I had some problems with my youngster in the summer (ridden, not leading) and I realised that I had been far too lax with all my general handling with them, so I've been far stricter lately. This has made a huge difference - but I understand if other people are handling them, especially if they are grooms who have a day's worth of chores ahead of them, it's possible they are not being quite on top of these small things. 

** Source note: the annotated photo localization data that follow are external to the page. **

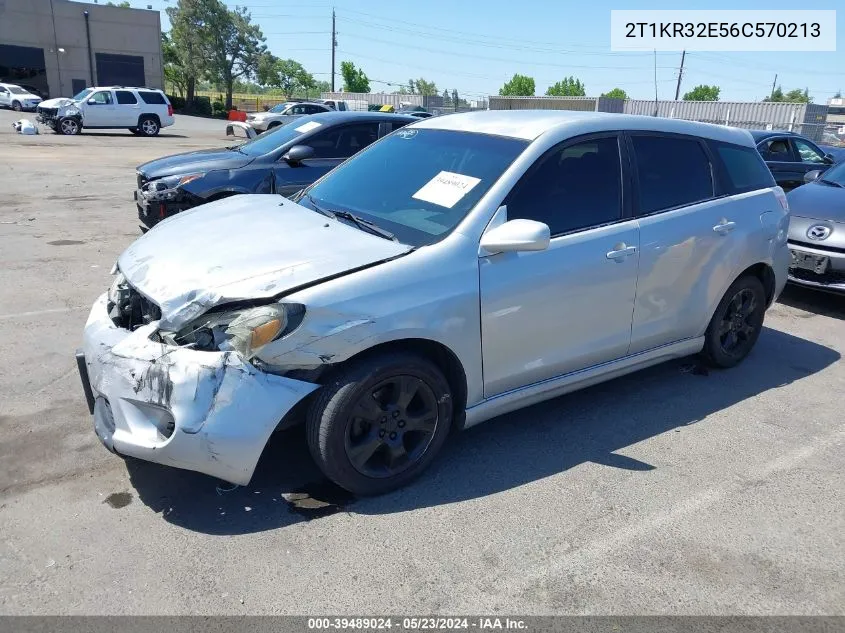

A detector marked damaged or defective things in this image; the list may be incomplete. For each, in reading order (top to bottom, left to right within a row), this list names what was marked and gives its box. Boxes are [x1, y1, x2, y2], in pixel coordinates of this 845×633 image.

crumpled hood [135, 147, 252, 179]
damaged front bumper [81, 292, 318, 484]
broken headlight [168, 302, 306, 358]
crumpled hood [115, 195, 412, 328]
damaged white car [76, 108, 788, 494]
crumpled hood [784, 180, 844, 222] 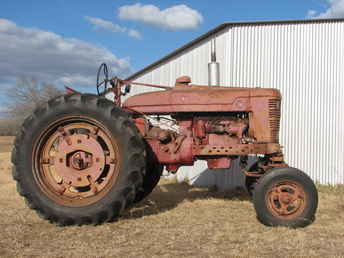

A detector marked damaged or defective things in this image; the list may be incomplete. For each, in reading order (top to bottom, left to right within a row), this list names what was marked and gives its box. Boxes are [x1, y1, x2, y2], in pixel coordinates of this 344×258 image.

rusty red tractor [12, 63, 318, 228] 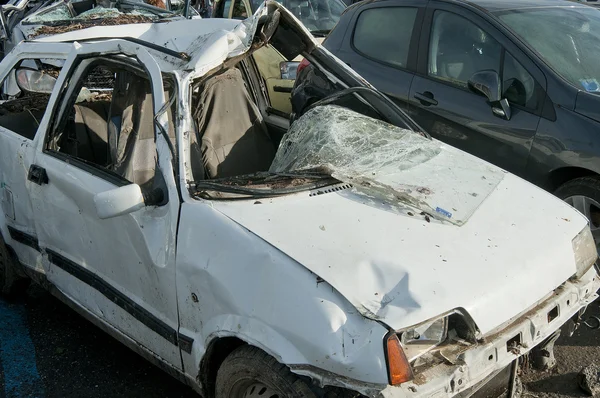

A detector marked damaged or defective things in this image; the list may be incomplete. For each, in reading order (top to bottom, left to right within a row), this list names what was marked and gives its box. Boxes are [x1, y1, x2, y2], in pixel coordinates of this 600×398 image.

broken trim piece [46, 249, 179, 346]
broken headlight [398, 316, 446, 362]
dented front bumper [380, 268, 600, 398]
broken headlight [568, 225, 596, 278] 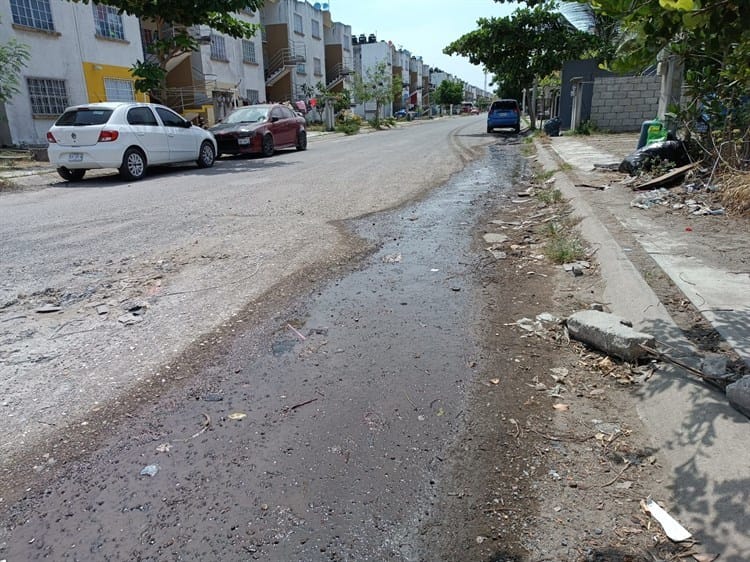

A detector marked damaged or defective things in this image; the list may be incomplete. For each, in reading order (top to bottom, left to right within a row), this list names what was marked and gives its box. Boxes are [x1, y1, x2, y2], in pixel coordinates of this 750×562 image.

broken concrete slab [568, 308, 656, 360]
broken concrete slab [724, 374, 750, 418] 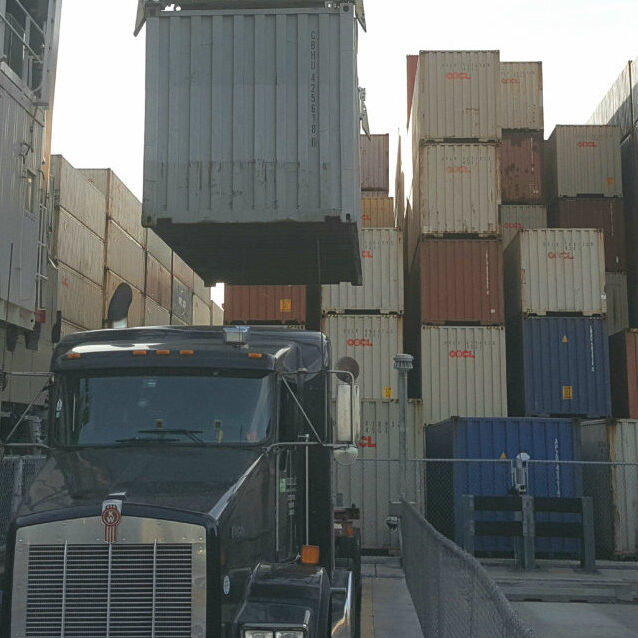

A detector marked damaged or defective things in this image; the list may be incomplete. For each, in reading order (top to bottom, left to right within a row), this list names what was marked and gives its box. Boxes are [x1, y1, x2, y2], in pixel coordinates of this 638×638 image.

rust stained container [362, 134, 392, 192]
rust stained container [500, 132, 544, 205]
rust stained container [548, 198, 628, 272]
rust stained container [225, 286, 308, 324]
rust stained container [416, 239, 510, 324]
rust stained container [612, 332, 638, 422] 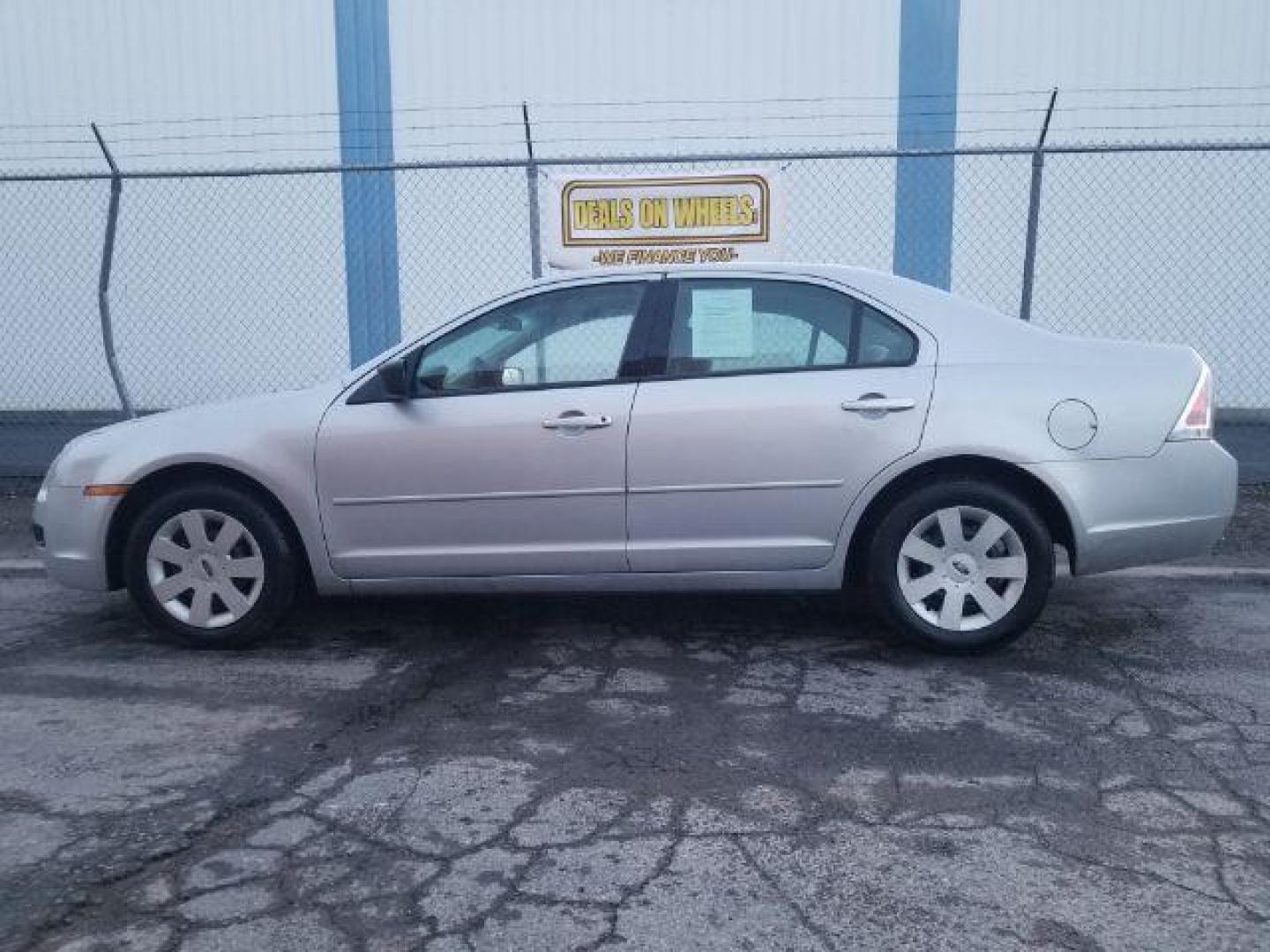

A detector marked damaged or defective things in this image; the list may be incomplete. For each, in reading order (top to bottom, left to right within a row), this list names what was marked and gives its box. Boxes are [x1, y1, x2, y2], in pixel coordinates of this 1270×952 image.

cracked pavement [2, 571, 1270, 949]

Sorry bit waffly, but basically stick at it and be tough ( and use carrots!)


----------



## Damnation (3 January 2009)

Food. 
I turn out a stallion at work, he is a big lad (16hh, I am 5'3) and everyone wonders why he turns out so quietly for me.
Other staff members have a prancing jogging idiot that they have to loop the leadrope through the headcollar for and then let go once they open the gate. I however can walk him to the field, turn him around take his headcollar off and off he walks.
Pony nuts. I didn't use gagets or anything like that but just periodically fed him food on the way to the field and once in the field.
Now he knows I have food and I feed before I lead him out, when I take his headcollar off and after it is off and he stands like a lamb


----------



## freckle (4 January 2009)

Thanks for all the advice. We're starting lessons in manners this morning! It looks like all the horses will be in for a few days as it's so frosty, so an ideal time to practice leading to the field with no distractions. I know someone who has a chifney, so I'll borrow that with lunge line attached... and pockets full of food!


----------



## freckle (4 January 2009)

Great success today! I can now lead him out to the field calmly in a bridle and with lots of pony nuts. We'll try the headcollar tomorrow...

Started off stopping and starting around the yard, then I rode him back and forth across the field, stopping and praising him as we went. When he did that calmly, I tried leading him. He responds to just my voice commands and we had no fuss and bother. 

Thank you all!


----------